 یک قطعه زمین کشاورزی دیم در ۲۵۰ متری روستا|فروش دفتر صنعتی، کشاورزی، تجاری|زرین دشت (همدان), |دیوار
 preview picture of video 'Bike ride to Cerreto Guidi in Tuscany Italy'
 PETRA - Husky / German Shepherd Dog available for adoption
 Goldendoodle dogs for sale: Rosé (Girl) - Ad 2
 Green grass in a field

********

Brief => Supply the entire listing above again, word for word.

Worked solution =>
 یک قطعه زمین کشاورزی دیم در ۲۵۰ متری روستا|فروش دفتر صنعتی، کشاورزی، تجاری|زرین دشت (همدان), |دیوار
 preview picture of video 'Bike ride to Cerreto Guidi in Tuscany Italy'
 PETRA - Husky / German Shepherd Dog available for adoption
 Goldendoodle dogs for sale: Rosé (Girl) - Ad 2
 Green grass in a field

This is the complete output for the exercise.